Exercise directions :: Give back every entry exactly as it is written, but not the pictures.
=== Section Start ===
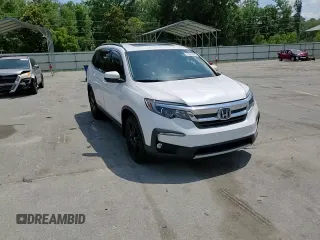 2022 Honda Pilot Special Edition with VIN 5FNYF6H28NB097712, listed as a Copart auction lot 57801695 with 27,992 mi miles and Salvage title. Bid and sale history available at DreamBid. Image 14.
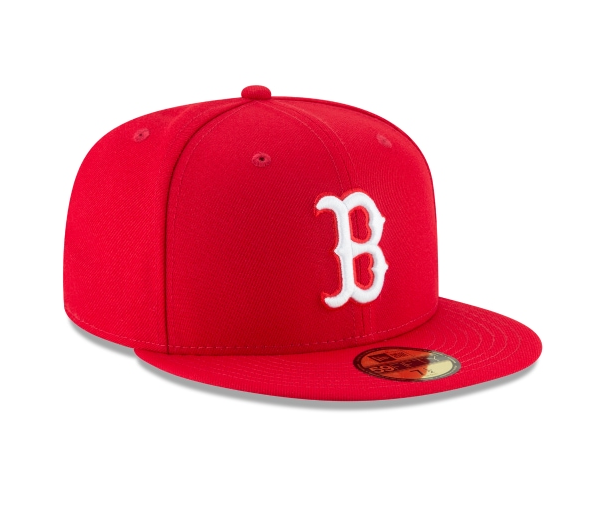 Men's Boston Red Sox New Era Red 59FIFTY Hat Official Team Hat Sports Fan Cap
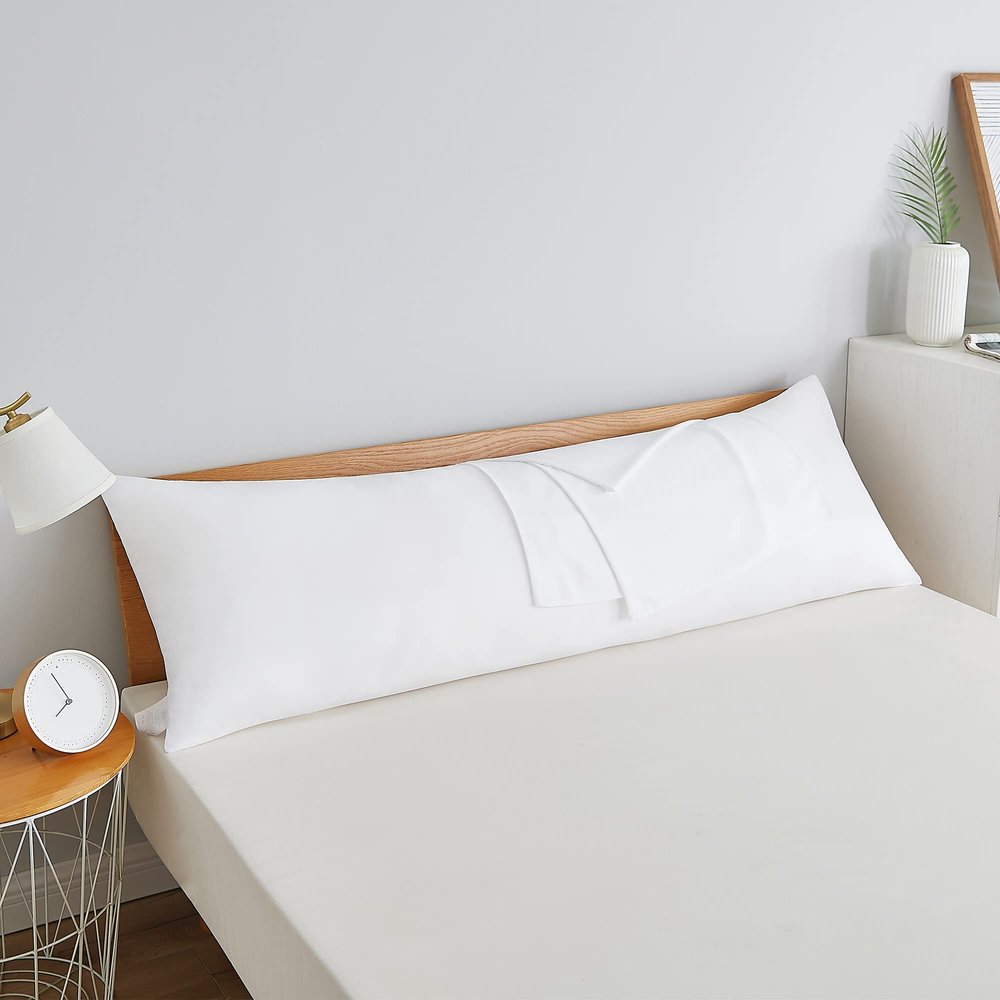Acanva Fluffy Body Pillow for Adults and Pregnancy, Soft Long Full Pillow Insert for Side Sleepers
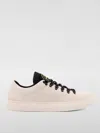 Stone Island Suede Sneakers With Iconic Logo Tag In White
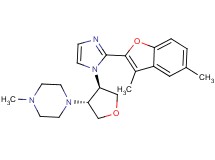 1-{(3R*,4R*)-4-[2-(3,5-dimethyl-1-benzofuran-2-yl)-1H-imidazol-1-yl]tetrahydrofuran-3-yl}-4-methylpiperazine
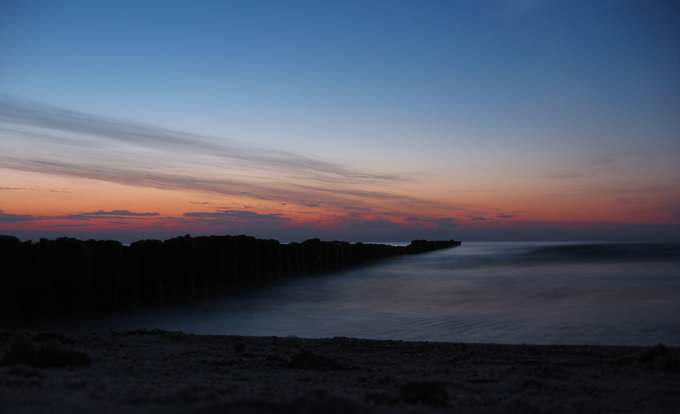 plaża nocą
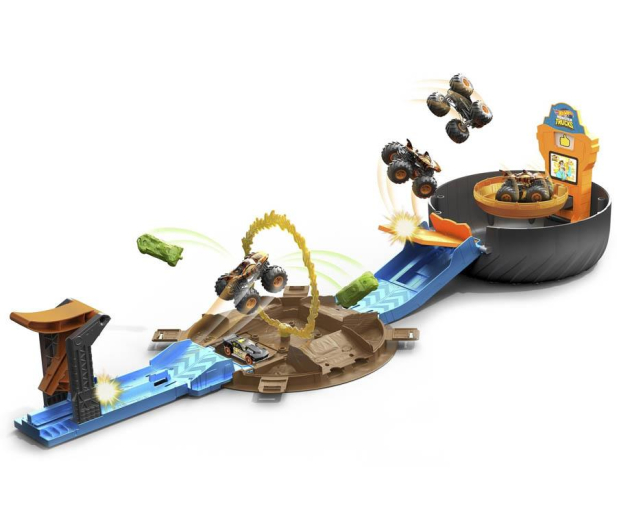 Hot Wheels Monster Truck Opona - Kaskaderska arena - 1013958 - zdjęcie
=== Section End ===
Output of the task ::
 2022 Honda Pilot Special Edition with VIN 5FNYF6H28NB097712, listed as a Copart auction lot 57801695 with 27,992 mi miles and Salvage title. Bid and sale history available at DreamBid. Image 14.
 Men's Boston Red Sox New Era Red 59FIFTY Hat Official Team Hat Sports Fan Cap
Acanva Fluffy Body Pillow for Adults and Pregnancy, Soft Long Full Pillow Insert for Side Sleepers
 Stone Island Suede Sneakers With Iconic Logo Tag In White
 1-{(3R*,4R*)-4-[2-(3,5-dimethyl-1-benzofuran-2-yl)-1H-imidazol-1-yl]tetrahydrofuran-3-yl}-4-methylpiperazine
 plaża nocą
 Hot Wheels Monster Truck Opona - Kaskaderska arena - 1013958 - zdjęcie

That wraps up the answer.